== EXERCISE ==
If a line in the entries contains the word "Leather", list it.

**** INPUT ****

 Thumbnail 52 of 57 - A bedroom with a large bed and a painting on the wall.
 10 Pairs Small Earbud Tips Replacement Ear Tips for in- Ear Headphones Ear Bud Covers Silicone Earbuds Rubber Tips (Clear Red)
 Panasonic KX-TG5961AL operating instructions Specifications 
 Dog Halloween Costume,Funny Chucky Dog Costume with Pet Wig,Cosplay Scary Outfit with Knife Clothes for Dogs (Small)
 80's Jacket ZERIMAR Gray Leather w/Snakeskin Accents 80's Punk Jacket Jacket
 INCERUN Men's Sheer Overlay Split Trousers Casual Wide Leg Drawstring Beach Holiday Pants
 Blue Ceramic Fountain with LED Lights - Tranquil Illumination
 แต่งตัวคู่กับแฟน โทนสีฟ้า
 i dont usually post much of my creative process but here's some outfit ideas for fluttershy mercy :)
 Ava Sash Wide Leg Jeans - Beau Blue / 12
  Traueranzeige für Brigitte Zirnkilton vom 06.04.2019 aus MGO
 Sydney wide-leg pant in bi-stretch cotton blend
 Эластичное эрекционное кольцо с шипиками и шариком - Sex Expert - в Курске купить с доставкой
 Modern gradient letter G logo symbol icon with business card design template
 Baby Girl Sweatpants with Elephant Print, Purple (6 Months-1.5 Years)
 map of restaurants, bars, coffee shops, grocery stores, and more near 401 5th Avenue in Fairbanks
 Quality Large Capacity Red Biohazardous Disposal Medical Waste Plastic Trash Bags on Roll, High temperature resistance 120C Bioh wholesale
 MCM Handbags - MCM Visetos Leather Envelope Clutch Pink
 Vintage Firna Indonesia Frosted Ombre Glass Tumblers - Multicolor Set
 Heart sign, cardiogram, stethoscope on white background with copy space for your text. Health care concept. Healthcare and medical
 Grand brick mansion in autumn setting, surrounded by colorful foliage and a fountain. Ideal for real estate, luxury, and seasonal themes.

****

== SOLVED PROBLEM ==
 80's Jacket ZERIMAR Gray Leather w/Snakeskin Accents 80's Punk Jacket Jacket
 MCM Handbags - MCM Visetos Leather Envelope Clutch Pink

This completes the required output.